We all remember how they almost immediately came out and trumpeted their so-called extensive testing, which was NOT real-world. Laboratory testing and real-world are 2 different animals, as drug manufacturers learned a long time ago. Google had their own people run this monstrosity, thought it was a winner, then released it to the English speaking world, and like a poorly tested pharmaceutical, are seeing side effects that are deadly. Surprise surprise.

If/when the technology bubble pops, look for Google to get hit hard, and the Panda failure will be identified, IMO, as part of the reason.

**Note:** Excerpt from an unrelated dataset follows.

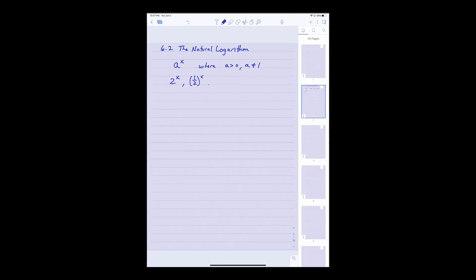In that class you probably started out by defining the exponential function — something like a to the x, where the base a was a positive number but not 1. You probably talked about exponential functions like 2 to the x, 1/2 to the x. Later you determined the number e, which was about 2.718, and you had the exponential function base e. You figured out that exponential functions came in two basic flavors: exponential growth and exponential decay, depending on whether the base was bigger than 1 or less than 1.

.............................

rlange

1:03 pm on Jun 10, 2011 (gmt 0)

10+ Year Member



Whitey wrote:
All i know is Google is increasing it's income in the last quarter - or so i believe.

*facepalm* Which is it? Do you know this to be true, or do you simply believe it to be true?

Speculation is inevitable and not necessarily bad, but too many people are dressing it up as knowledge. This sort of thing is a huge obstacle to reasonable discussion.

--
Ryan

zeus

1:25 pm on Jun 10, 2011 (gmt 0)

WebmasterWorld Senior Member 10+ Year Member



this update has nothing to do with that they want you to spend more on adwords.

what im missing 1 clear point where they say, this is bad for your site, thats our main focus with Panda, be cause the update takes so long and many are in real trouble, as said I have to move out of my new house if nothing changes in the next few Month thats a fact. A normal update fux is about 2-3 weeks, but this time it takes Month, thats way we need ONE point on which we can focus and not all that bull with 20-30 points, when I see the results nothing of that fits.